Is Your Organization’s Constituent Information Being Shared?
It’s generally understood that information in your constituent database — especially data such as giving history and social security numbers, is private. But do you know what happens when a trustee, who happens to be in sales, calls your data entry staff and asks for a list of names, addresses, and phone numbers of constituents within a specific ZIP code? Perhaps the data entry staff member wants to please the trustee, who is a major donor, and emails him a spreadsheet of 250+ constituents from your database.
Acceptable Use of Constituent Data
Organizations compile constituent information in a database for a variety of reasons in an effort to advance their missions. Data compiled may include biographical information (such as name, address, phone number, email address, spouse name, birth date, giving history, employment, relationships, volunteer activities, etc.). All this information is critical to the work of the development and marketing offices. Good database administration practices limit access to who can and cannot view, add, edit, or delete constituent information.
Additionally, constituent information may be shared with certain volunteers, including trustees, executive or program staff, auxiliary members, and event committee members, who actively participate in the resource development activities of the organization. Often when sharing lists, we emphasize the confidentiality of gift information, but we also need to go one step further.
According to the Association of Fundraising Professionals Code of Ethical Principles and Standards:
- Members shall not disclose privileged or confidential information to unauthorized parties, and
- Members shall adhere to the principle that all donor and prospect information created by, or on behalf of, an organization or a client is the property of that organization or client and shall not be transferred or utilized except on behalf of that organization or client.
Protecting Your Constituents’ Personal Information
What Should the Policy Include?
To further describe how confidentiality will be maintained, include a statement that outlines how and when information will be released. For example,
“To ensure the privacy of individuals, organizations, foundations, and corporations, constituent information will be released only after consent is obtained from the constituent. Exception is made only for the purposes of advancing the organization through resource development efforts that require constituent information to develop strategies and present gift proposals.”
Finally, clear procedures for what information will be released and when it will be released should be stated. Consider the following:
- Define what constituent information will be released, such as address, phone number, or email address.

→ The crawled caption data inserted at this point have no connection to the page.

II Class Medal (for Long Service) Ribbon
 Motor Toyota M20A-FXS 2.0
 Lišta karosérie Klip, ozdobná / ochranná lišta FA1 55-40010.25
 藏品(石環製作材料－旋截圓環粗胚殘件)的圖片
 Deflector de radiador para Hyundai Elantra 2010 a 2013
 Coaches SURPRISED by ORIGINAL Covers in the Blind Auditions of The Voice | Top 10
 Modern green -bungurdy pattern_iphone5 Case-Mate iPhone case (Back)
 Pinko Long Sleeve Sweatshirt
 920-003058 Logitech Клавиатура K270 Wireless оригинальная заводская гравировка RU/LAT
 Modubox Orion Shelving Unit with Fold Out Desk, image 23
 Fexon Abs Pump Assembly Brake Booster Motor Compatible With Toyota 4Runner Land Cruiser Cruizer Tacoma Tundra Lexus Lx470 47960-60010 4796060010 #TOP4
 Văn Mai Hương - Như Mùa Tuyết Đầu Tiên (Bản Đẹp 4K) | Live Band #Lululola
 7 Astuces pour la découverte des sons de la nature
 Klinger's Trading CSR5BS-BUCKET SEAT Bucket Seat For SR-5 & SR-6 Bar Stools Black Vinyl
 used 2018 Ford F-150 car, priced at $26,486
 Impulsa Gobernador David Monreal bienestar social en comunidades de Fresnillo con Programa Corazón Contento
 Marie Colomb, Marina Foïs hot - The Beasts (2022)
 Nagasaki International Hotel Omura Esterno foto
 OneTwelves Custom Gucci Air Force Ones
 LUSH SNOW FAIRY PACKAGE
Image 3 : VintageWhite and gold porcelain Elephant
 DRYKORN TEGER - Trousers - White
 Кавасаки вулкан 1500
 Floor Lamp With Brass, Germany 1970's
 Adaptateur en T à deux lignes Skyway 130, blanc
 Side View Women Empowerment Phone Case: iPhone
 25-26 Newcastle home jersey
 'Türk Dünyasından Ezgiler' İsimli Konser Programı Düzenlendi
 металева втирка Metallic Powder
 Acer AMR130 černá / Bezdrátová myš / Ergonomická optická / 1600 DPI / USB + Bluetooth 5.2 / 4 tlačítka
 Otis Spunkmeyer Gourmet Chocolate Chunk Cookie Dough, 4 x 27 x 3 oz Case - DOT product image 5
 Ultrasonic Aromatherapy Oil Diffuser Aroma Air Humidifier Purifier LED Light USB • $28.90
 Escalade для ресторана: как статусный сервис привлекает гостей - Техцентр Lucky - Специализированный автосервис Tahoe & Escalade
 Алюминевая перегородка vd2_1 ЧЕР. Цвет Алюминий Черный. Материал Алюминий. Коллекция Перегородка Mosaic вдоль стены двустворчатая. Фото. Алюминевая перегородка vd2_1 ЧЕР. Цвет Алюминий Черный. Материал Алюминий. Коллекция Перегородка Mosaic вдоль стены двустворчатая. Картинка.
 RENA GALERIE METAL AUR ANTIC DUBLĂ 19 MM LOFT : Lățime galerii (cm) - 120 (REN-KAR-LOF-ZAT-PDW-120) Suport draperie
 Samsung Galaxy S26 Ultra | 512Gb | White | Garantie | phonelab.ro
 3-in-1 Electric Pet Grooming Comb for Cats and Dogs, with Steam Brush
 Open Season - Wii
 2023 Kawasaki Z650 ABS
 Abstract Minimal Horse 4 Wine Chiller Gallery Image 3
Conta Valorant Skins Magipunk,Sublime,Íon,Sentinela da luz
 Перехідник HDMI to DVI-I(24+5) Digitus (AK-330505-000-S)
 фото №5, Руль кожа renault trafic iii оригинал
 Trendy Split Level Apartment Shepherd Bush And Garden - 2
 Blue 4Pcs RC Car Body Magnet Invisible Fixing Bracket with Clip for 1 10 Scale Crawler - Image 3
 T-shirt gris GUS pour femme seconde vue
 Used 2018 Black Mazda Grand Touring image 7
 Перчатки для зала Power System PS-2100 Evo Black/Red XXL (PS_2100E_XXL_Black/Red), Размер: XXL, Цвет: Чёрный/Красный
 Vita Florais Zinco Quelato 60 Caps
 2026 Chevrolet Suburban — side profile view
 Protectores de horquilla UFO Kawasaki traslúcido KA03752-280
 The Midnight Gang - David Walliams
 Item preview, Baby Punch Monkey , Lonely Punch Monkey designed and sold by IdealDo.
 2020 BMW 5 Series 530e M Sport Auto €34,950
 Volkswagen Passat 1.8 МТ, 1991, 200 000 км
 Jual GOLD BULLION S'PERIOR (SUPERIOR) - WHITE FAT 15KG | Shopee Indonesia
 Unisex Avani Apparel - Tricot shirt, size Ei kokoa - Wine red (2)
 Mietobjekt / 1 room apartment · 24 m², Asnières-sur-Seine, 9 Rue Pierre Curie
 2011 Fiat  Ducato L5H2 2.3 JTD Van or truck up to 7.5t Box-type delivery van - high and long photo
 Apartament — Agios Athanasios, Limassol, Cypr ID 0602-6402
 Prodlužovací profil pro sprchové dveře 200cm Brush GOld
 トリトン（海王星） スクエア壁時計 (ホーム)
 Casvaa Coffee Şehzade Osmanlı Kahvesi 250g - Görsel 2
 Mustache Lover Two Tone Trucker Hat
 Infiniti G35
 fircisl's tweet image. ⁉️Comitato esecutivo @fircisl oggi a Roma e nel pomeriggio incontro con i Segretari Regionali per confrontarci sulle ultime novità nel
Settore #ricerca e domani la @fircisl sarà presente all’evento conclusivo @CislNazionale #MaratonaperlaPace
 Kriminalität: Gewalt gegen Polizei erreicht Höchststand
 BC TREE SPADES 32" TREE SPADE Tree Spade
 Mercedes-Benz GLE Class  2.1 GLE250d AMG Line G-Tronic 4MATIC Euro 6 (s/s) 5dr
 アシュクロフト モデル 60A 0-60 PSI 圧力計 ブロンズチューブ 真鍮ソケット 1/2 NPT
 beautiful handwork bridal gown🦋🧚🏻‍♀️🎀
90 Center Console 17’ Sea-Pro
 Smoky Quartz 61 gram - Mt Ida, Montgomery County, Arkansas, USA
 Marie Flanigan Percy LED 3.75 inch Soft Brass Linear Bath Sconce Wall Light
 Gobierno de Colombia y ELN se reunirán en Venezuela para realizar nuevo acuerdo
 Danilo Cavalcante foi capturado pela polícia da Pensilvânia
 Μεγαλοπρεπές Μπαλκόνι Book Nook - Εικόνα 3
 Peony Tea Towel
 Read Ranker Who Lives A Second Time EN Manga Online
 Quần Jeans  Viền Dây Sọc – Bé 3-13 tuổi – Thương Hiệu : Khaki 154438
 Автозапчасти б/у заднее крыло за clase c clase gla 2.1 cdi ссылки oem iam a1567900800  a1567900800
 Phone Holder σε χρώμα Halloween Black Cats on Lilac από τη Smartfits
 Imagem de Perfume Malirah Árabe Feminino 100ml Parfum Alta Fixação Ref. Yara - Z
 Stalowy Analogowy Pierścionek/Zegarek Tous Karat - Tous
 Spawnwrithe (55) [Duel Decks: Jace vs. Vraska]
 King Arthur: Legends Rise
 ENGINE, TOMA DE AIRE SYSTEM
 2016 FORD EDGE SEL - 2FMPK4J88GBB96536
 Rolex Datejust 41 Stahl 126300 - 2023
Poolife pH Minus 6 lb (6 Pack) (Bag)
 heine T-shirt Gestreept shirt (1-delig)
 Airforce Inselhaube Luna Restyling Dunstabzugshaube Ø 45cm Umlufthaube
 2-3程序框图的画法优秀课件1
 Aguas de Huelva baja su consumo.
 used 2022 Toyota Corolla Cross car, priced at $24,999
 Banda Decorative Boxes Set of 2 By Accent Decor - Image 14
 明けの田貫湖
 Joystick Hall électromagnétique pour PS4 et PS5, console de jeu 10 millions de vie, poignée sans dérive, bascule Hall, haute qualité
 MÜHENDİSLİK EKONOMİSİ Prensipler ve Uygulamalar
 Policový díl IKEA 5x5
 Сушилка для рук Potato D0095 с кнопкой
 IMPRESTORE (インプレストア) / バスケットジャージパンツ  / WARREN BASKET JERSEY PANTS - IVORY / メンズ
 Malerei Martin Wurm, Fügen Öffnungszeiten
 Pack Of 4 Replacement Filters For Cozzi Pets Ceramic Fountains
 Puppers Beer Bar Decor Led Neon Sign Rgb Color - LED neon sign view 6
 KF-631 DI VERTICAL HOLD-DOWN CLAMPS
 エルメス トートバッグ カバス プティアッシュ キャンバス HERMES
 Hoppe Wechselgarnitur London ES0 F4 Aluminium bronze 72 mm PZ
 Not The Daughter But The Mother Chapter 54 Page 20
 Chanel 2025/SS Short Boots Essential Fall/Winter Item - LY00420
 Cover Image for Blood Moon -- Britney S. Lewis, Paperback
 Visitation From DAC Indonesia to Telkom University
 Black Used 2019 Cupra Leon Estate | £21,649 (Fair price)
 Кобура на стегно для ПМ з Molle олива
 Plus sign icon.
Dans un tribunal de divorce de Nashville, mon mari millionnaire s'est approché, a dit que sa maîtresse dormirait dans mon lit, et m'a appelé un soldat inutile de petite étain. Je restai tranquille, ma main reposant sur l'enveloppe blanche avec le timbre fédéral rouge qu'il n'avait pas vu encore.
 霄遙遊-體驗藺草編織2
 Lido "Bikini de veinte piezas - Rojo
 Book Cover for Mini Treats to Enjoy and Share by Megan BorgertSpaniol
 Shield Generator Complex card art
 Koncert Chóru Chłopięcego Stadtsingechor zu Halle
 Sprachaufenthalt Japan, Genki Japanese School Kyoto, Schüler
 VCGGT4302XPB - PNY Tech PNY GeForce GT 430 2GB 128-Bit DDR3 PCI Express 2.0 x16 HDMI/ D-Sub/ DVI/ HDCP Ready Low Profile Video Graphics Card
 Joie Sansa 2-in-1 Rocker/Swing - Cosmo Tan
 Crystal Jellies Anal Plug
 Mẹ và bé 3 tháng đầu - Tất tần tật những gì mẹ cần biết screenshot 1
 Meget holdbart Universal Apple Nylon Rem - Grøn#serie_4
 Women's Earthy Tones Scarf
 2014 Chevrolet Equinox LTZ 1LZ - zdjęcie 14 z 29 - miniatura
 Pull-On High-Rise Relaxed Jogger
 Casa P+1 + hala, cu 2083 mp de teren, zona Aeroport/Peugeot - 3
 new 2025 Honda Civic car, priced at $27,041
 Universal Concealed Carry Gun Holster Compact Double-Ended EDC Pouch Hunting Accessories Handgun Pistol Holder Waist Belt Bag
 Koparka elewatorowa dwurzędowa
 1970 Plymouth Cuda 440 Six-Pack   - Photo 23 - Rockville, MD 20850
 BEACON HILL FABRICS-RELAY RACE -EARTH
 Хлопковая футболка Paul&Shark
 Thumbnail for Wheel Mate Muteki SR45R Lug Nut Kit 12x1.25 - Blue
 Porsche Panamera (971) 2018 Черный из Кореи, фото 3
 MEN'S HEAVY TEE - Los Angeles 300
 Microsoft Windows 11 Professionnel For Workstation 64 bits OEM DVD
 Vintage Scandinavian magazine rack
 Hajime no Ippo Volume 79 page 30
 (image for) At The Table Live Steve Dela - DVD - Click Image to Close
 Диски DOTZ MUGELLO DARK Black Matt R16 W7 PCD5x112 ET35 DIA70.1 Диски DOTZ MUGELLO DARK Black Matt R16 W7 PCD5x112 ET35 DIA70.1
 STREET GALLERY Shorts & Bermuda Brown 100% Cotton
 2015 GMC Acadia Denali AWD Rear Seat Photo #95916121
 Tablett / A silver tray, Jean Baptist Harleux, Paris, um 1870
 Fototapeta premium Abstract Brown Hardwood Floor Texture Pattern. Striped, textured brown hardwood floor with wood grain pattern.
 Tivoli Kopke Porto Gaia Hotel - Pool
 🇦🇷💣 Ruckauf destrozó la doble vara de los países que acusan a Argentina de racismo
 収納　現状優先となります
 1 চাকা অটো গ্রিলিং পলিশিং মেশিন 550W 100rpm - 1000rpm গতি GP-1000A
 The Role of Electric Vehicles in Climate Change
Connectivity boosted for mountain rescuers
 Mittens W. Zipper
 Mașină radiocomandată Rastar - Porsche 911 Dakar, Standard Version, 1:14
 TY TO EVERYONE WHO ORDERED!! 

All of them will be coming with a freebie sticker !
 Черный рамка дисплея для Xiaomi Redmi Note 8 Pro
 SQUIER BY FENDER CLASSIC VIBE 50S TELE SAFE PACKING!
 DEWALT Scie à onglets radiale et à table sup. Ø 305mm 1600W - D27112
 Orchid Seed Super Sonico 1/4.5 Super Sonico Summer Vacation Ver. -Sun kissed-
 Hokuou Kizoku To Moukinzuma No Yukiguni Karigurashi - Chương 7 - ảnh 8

- Describe the processes for managing third-party requests for information:
- Staff should explain the policy to the requestor.
- Staff should contact the constituent for whom information was requested, explain the policy, provide the identity of the requestor, and ask permission for release of information.
- Staff should contact requestor with approval or denial.
- Describe the processes for managing internal release of information for the purpose of advancing the organization’s resource development efforts:
- Constituent information will be made available on an as-needed basis to trustees, volunteers, or other staff.
- Information may include giving history as well as other information necessary to develop a strategy of cultivation, solicitation, and stewardship.
- Information released in this manner will be clearly marked as confidential.
- Those receiving the information will be verbally instructed that it is confidential and to be used only for the purpose of resource development for the organization.
Depending on your organization’s activities, you may also choose to include a statement that constituent information, in full or in part, will not be sold to individuals, businesses, or other parties under any circumstances.